- Coordinates: 48°06′42″N 117°35′12″W﻿ / ﻿48.1117592°N 117.5866332°W
- Lake type: open lake
- Basin countries: United States
- Max. length: 1.46 mi (2.35 km)
- Max. width: 1.1 mi (1.8 km)
- Surface area: 1,146 acres (464 ha)
- Max. depth: 78 ft (24 m)
- Surface elevation: 2,482 feet (757 m)

= Deer Lake (Washington) =

Deer Lake is a lake in southeastern Stevens County in the U.S. state of Washington. The lake is part of the Colville River drainage basin in the southern Selkirk Mountains. It is approximately 12 miles southeast of Chewelah and 12 miles northwest of Deer Park. It is a popular destination for fishing, with a dozen species to catch, as well as watersports.

==Geography==
Deer Lake covers 1,146 acres in a mountainous area of southeastern Stevens County. Highway 395 runs approximately two miles to the west, with access to the lake provided by Deer Lake Road. There is public access to the lake in the southwest corner at the outlet, at Washington Department of Fish and Wildlife facility. Otherwise, the shoreline is lined with private property.

== Wildlife ==
Deer Lake in Stevens County is home to many different species of wildlife. Most abundant in Deer Lake’s waters are many different types of fish. Many species of fish in Deer Lake are stocked annually by local hatcheries. Some of the species of fish you may find in Deer Lake include the yellow perch, rainbow trout, black crappie, smallmouth bass, pumpkinseed, and others. Other species often found in Stevens County include many different birds and mammals. Some of the species found wandering the lands and sky include the red-tailed hawk, bald eagle, and white-tailed deer.

== Fishing ==
The wide selection of fish and the legality of two-pole fishing in Deer Lake adds to its recreational appeal. On February 16th, 2024, the Washington Fish and Wildlife Commission held a web conference to discuss the restrictions regarding recreational fishing in Deer Lake. At this meeting, a motion was made that called for the open fishing season to become year-round instead of seasonal, and also called to add a limit of 5 to the amount of lake trout that can be caught in one day. This motion was unanimously passed.

== Water Quality ==
A water quality sampling was conducted on August 5th, 2024 in Deer Lake’s water.

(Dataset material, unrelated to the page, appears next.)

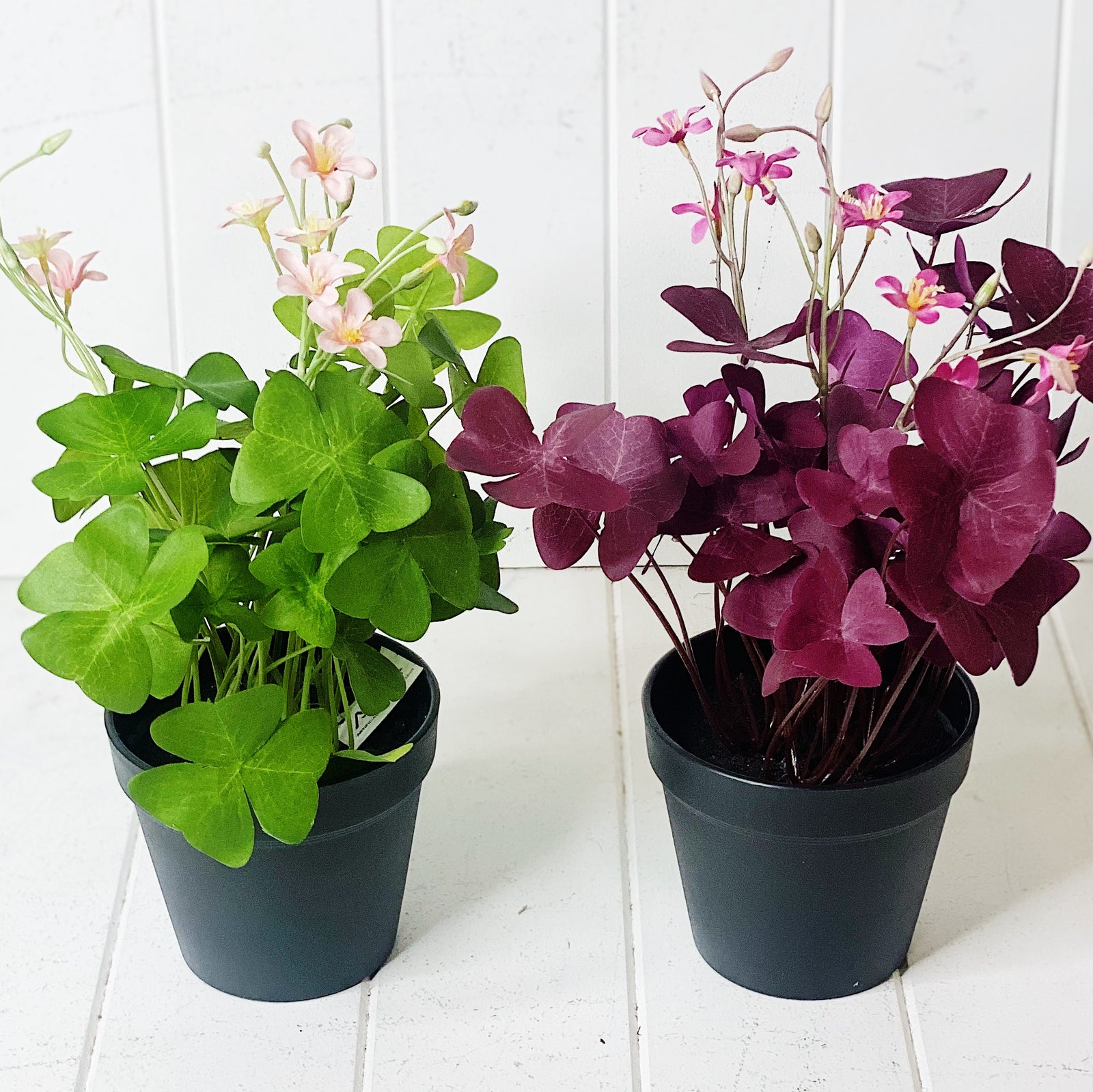 Artificial Four-Leaf Clover Potted Simulation Plants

This study detected 0.304 parts per million of nitrate. This level is below the maximum contaminant level of 10 ppm (parts-per notation) and also within the State Reporting Level of 0.5 ppm. While this water was found to comply with water quality standards, there was still Nitrate contamination. These contaminants likely stemmed from runoff carrying fertilizer chemicals, septic tank leakage, and other natural erosion.